Es gibt eigentlich nur zwei Situationen, in denen Judith Michel nicht ohne Schuhe auskommt: In den kalten Wintermonaten im Freien oder an extrem heißen Tagen, wenn sie über Asphalt laufen muss. Einmal hat sie sich an einem Sommertag sogar zwei Brandblasen an den Füßen geholt. Seitdem hat sie - geht sie an Hitzetagen auf glühendem Asphalt - ein paar Flip-Flops in der Tasche. Im Winter überbrückt sie die kältesten Tage mit leichten Barfußschuhen. Als sie heuer bei Schnee mit den Kindern ihrer Gruppe öfters zum Schlittenfahren ging, zog sie notgedrungen einmal wieder ihre alten Winterstiefel an. Das Ergebnis: Sofort meldete sich ein altes Knieproblem zurück. Sobald sie wieder auf Schuhe verzichtete, waren auch die Beschwerden weg.
Unangenehme Kommentare, die sie ganz gelegentlich mehr oder minder laut hört, prallen zwischenzeitlich an ihr ab. Immer noch verwundert ist sie, dass ihr eine Ärztin einmal erklärte, sie werde sich viele Krankheiten durch das Barfußlaufen holen. Welche das sein könnten, hat sie nicht erfahren. Mehr krank sei sie auf jeden Fall nicht. Doch es gab auch amüsante Begebenheiten. Einmal, so erinnert sie sich, wollte ihr ein Mann spontan seine neue Adidas-Treter schenken, als er bemerkte, dass sie ohne Schuhe unterwegs war. Da er kein Deutsch sprach, habe es einige Zeit gedauert ihm zu erklären, weshalb sie sein Geschenk nicht benötige, erzählt Judith Michel.
Wenn die Münnerstädterin in Großstädten unterwegs ist, hält sie oft Ausschau nach Gleichgesinnten. Aber diese seien immer noch rar, sagt sie.

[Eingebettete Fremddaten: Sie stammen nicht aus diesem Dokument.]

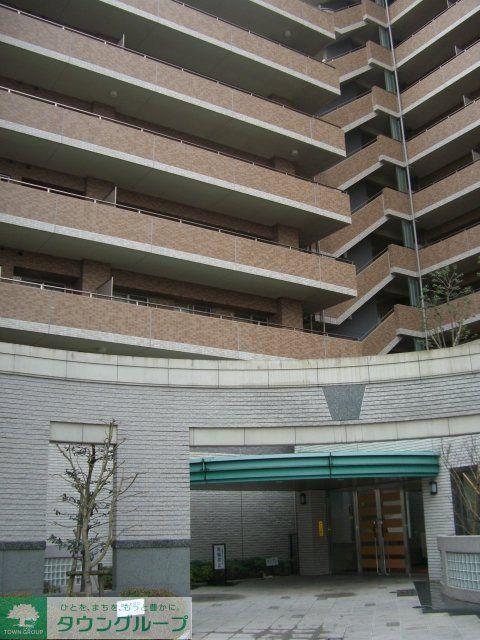 ルネ・アイン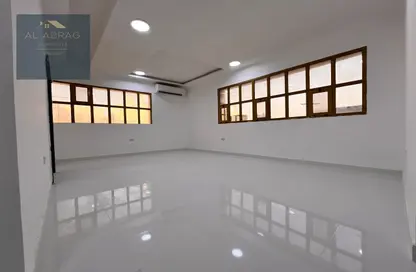 Apartment - 1 Bathroom for rent in Al Bateen Villas - Al Bateen - Abu Dhabi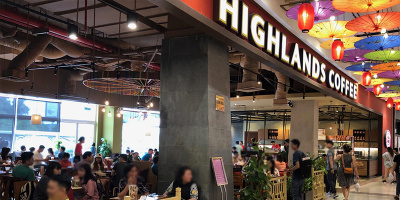 Tranh cãi vụ Highlands Coffee bị tố đuổi khách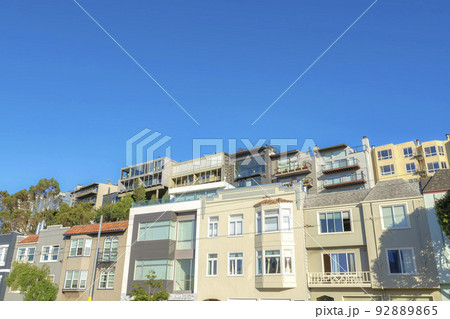 Urban houses in San Francisco, California against the clear blue sky background 92889865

Barfußläufer sind hierzulande weiterhin Exoten. Aber es gibt sie, und im Internet tauschen sie sich in einer Barfuß-Community aus. Der hat sich Judith Michel angeschlossen. Dort gebe es einen regen Austausch über attraktive Wege, über Probleme und alles, was sich so ohne Schuhe tun lässt.
Das sagt ein Orthopäde
"Wer seinen Füßen etwas Gutes tun will, sollte gelegentlich barfüßig gehen", sagt Dr. Dirk Keßler, Chefarzt der Orthopädie in der Klinik Bavaria . Unsere Füße seien von Natur aus zuverlässig sehr gut dafür geeignet, barfuß zugehen.Die Füße würden es danken, wenn man gelegentlich über eine Wiese oder durch taufeuchtes Gras ohne Schuhe läuft.

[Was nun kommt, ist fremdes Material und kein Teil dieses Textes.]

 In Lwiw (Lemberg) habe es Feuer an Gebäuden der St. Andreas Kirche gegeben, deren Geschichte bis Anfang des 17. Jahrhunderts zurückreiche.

Skeptisch ist Dr. Keßler dagegen, was das dauernde Barfußgehen (ohne Barfußschuhe) angeht. Er hält Schuhe im Alltag für wichtig wegen der Verletzungsgefahr und aus hygienischen Gründen. Vor allem Diabetiker müssten vorsichtig sein. Deren Empfindungssensibilität könne durch die Krankheit geschädigt sein. Dadurch bestehe die Gefahr , sich schwer heilende Verletzungen zuzuziehen.